The Department of Corrections also acknowledges that "psychometric tools should be normed and validated on the populations upon which they will be administered" (Department of Corrections, 2003c, p. 23), which applies to New Zealand, criminal populations (many studies have been validated on psychiatric or forensic populations) and subsequently to female offenders. Bonta (2002) affirms that psychologists need to be able to explain the proper use of a test and the empirical support for it and reminds the reader that "we are not at the point where we can achieve a level of prediction that is free from error" (p. 375).

Risk assessment is a dynamic area that evolves because of new research, knowledge and standards of practice. One needs to remember that risk assessment is not only assessment of the probability of re-offending but also assessment of how risk can be managed.

Recommendations (Hart, 2000; McLean, 1995):

  1. When using risk assessment instruments developed for male offenders, it is unsafe to assume validity and reliability for female offenders. It is not recommended that instruments without female norms are used.
  2. Use the limited research on female offenders to formulate a risk statement incorporating static and dynamic risk factors, rather than (altering) male-based risk assessment tools and programmes based on experience and feedback from participants. See Appendix A for details on specific research with female offenders and risk of general recidivism, Appendix B on females and risk of violent re-offending and Appendix C on females and risk of sexual re-offending.
  3.  When using instruments that have been partially validated on female offenders, be cautious.

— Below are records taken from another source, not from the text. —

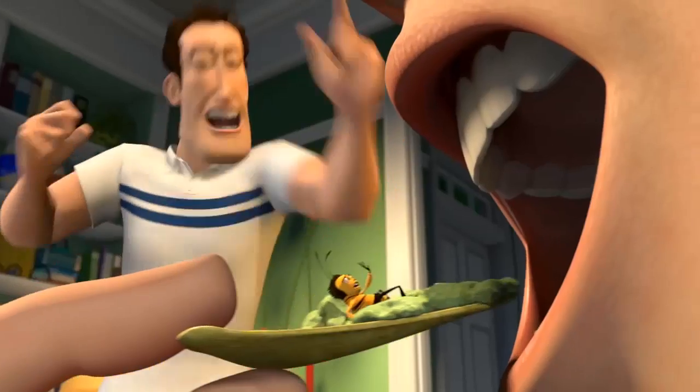For thousands of years, humans have misunderstood them and feared them. Now, one bee in a turtleneck sweater is gonna change everything.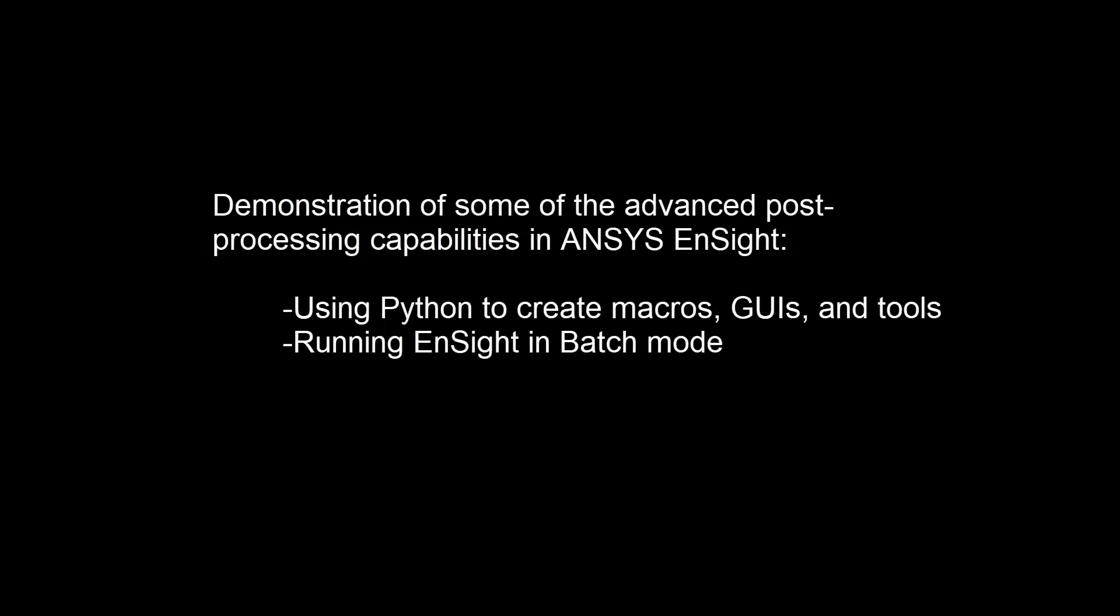In this demonstration, I'll show you some advanced post-processing capabilities available in Ansys Ensight. Specifically, I'll be showing you how to utilize Python in Ensight for various operations and how to run Ensight in batch mode for automated post-processing.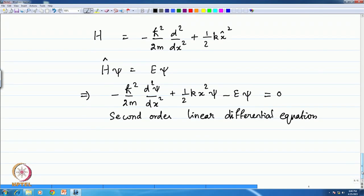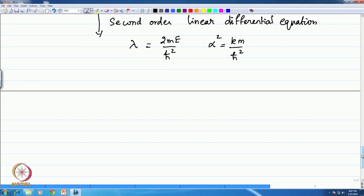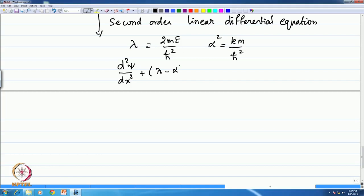This lecture will not show how to solve this differential equation in detail, but if we introduce two new parameters — λ = 2mE/h-bar² and α² = km/h-bar² — then it is possible to rewrite the differential equation as: d²ψ/dx² + (λ − α²x²)ψ = 0. Please verify this as an exercise.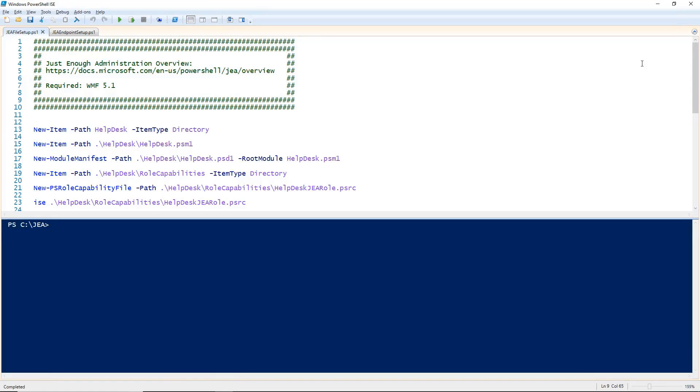In this video, I'm going to show you how to set up PowerShell's Just Enough Administration, or JEA for short.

Always make limitations explicit and do not rely on existing cut-off scores. Be aware that the criminogenic needs of women are still not fully understood, that the base rate of serious offending by females is low and that originating factors to offending differ from maintaining factors.
  4. Consider using the Level of Service/Case Management Inventory to assess general recidivism by females as an alternative to existing departmental risk and need assessment measures.
  5. When assessing and interpreting risk factors that are similar for both sexes, include knowledge of the gender differences surrounding the offence (see Steffensmeier and Allan's suggestions on page 7) and the risk factor (e.g. substance abuse and anger), different motives and different understanding of constructs (e.g. violence and psychopathy).
  6. Become familiar with specific factors relevant to female offending from psychological literature (e.g. domestic violence, child abuse sequelae, substance abuse, connectedness) and non-psychological literature (e.g. social work) and keep up to date with research.
  7. Do not offer opinion on how understandable the offender's actions were.


  8. Be aware of bias such as blaming the victim, perceiving the women as a passive victim and pathologising female offenders.
  9. Avoid gender-based assumptions of causality that rely on philosophy alone.

    And finally:

  10. Assessment of criminogenic and non-criminogenic needs and responsivity issues, at different time intervals for risk and rehabilitation purposes, is the key in applying a holistic approach to helping female offenders reducing re-offending.

1 In the LSI data were not disaggregated by gender for analysis. Consequently "data of minority groups [such as women] becomes lost in that of the majority" (Blanchette, 2001, p. 50). It is unknown whether this was addressed in the development of gender norms for the LS/CMI.